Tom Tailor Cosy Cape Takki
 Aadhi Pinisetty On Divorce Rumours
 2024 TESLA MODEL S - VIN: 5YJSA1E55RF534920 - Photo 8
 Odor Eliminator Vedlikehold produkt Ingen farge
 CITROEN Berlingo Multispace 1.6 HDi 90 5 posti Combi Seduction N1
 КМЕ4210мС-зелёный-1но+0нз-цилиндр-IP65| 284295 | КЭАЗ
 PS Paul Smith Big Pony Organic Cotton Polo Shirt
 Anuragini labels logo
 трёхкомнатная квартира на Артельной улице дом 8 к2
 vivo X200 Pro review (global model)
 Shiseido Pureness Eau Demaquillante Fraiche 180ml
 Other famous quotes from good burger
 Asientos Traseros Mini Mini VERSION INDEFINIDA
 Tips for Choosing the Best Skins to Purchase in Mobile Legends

WHAT IS REQUIRED:
From the line containing "Aadhi Pinisetty On Divorce Rumours" to the last line of the listing, write everything out exactly. Nothing outside that stretch belongs.

RESPONSE AREA:
 Aadhi Pinisetty On Divorce Rumours
 2024 TESLA MODEL S - VIN: 5YJSA1E55RF534920 - Photo 8
 Odor Eliminator Vedlikehold produkt Ingen farge
 CITROEN Berlingo Multispace 1.6 HDi 90 5 posti Combi Seduction N1
 КМЕ4210мС-зелёный-1но+0нз-цилиндр-IP65| 284295 | КЭАЗ
 PS Paul Smith Big Pony Organic Cotton Polo Shirt
 Anuragini labels logo
 трёхкомнатная квартира на Артельной улице дом 8 к2
 vivo X200 Pro review (global model)
 Shiseido Pureness Eau Demaquillante Fraiche 180ml
 Other famous quotes from good burger
 Asientos Traseros Mini Mini VERSION INDEFINIDA
 Tips for Choosing the Best Skins to Purchase in Mobile Legends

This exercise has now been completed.